─── Dataset entries ───

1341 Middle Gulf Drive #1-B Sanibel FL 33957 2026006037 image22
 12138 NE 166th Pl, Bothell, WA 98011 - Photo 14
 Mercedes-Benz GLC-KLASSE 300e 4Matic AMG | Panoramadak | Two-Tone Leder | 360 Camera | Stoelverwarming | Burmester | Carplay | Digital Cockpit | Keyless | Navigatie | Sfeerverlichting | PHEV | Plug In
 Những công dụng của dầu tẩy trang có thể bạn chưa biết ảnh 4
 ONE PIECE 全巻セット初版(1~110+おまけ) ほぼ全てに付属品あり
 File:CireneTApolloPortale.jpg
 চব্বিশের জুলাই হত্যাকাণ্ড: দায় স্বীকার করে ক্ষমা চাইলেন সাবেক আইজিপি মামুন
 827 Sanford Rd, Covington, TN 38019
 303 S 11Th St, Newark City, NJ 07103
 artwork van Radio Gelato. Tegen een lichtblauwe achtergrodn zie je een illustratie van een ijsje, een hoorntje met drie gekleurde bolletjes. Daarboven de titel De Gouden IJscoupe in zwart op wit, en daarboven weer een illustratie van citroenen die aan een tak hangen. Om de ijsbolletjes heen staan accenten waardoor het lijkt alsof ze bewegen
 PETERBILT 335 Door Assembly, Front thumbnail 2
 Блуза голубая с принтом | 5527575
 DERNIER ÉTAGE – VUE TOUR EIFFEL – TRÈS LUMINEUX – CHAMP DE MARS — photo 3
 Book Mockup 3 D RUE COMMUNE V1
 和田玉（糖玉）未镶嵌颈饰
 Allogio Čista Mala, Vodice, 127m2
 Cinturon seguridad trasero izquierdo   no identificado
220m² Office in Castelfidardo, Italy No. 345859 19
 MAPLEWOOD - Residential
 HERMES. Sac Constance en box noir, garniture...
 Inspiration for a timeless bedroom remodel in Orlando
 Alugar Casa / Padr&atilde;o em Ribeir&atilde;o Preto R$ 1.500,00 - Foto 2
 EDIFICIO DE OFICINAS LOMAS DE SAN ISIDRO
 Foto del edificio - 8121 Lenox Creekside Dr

───

### Exercise aim
Look through the material and copy each line that has "Foto".

### Worked solution
 Alugar Casa / Padr&atilde;o em Ribeir&atilde;o Preto R$ 1.500,00 - Foto 2
 Foto del edificio - 8121 Lenox Creekside Dr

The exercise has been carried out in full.